Thursday, August 07, 2008

Tegart's Wall

As my four year blogoversary is coming up, I'm hoping to find interesting old postings of mine from when my readership was much smaller.

One such posting was from going through old Palestine Post archives, about how the British tried to stop terror attacks in 1938 - by building a fence:

Nowadays, of course, building a fence is considered a terrible crime by many of the descendants of these British. Funny how one's perspective gets changed when one is the target of the terror.

Notice the last line in the first column: in 1925 and 1926, there was a problem of Arab troublemakers moving from Syria into Palestine and Jordan. These people's progeny, today, are called "Palestinian."

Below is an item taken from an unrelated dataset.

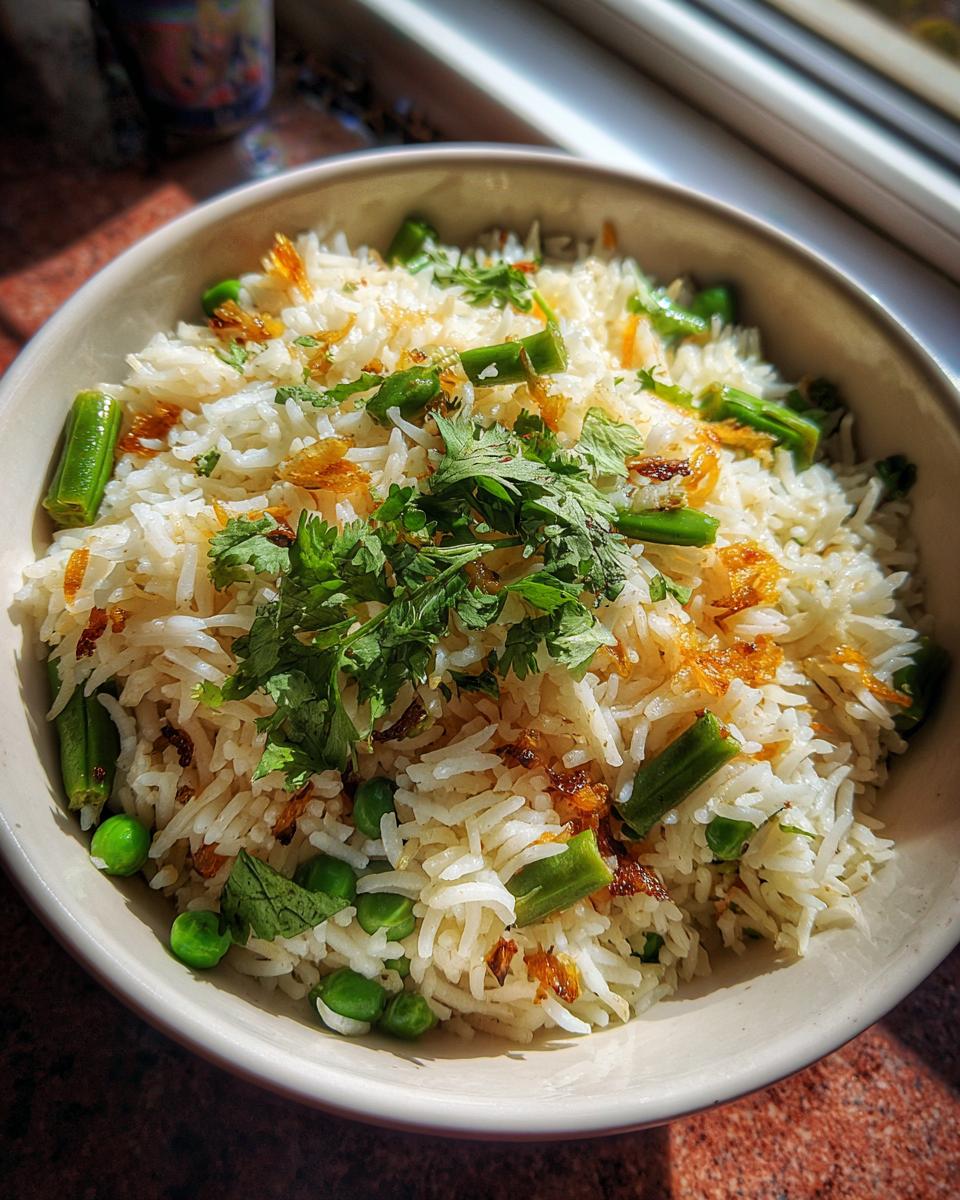 Overhead shot of Sweet Pea & Shallot Pulao in a white bowl, garnished with cilantro.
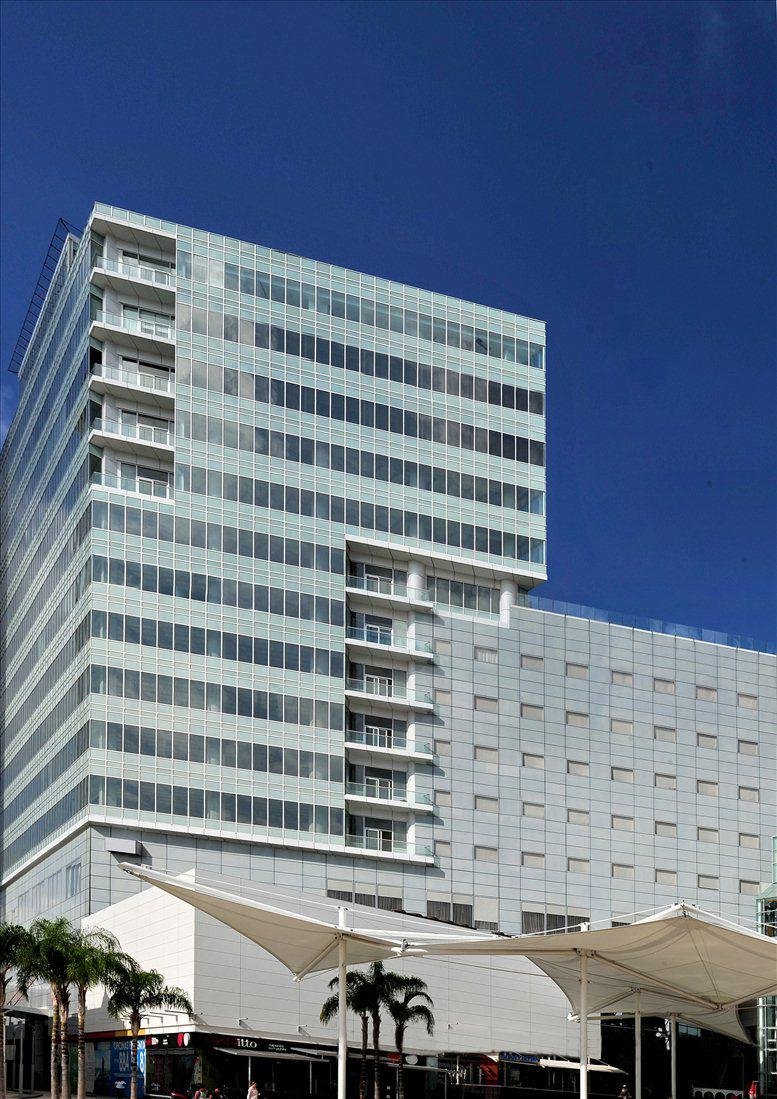 Exterior view of the glass-facade Corporativo Malecon Americas building against a blue sky.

Similarly, a Time magazine article at the time stated:
Britain's most ingenious solution for handling terrorism in Palestine was revealed in Geneva last week to the League of Nations Permanent Mandates Commission by His Majesty's Government's Deputy Permanent Under-Secretary for Colonies, Sir John Shuckburgh. Following a suggestion of mail-fisted Sir Charles Tegart, now adviser to the Palestine Government on the suppression of terrorism, a barbed wire barrier to keep out terrorists is being strung along the entire Palestine frontier at a cost of $450,000. This includes a nine-foot barbed wire fence between Palestine and French-mandated Lebanon and Syria, which border Palestine on the north and northeast. A lot of Palestine's tougher Arabs come from those two mandates. The fence will be completed in August, announced Sir John. Almost as he spoke, a band of Arab terrorists swooped down on a section of the fence, dubbed Tegart's Wall, ripped it up and carted it across the frontier into Lebanon.
Again, the grandchildren of these Syrians and Lebanese Arabs who came to Palestine in 1938 to join the "great revolt" are now known as..."Palestinians."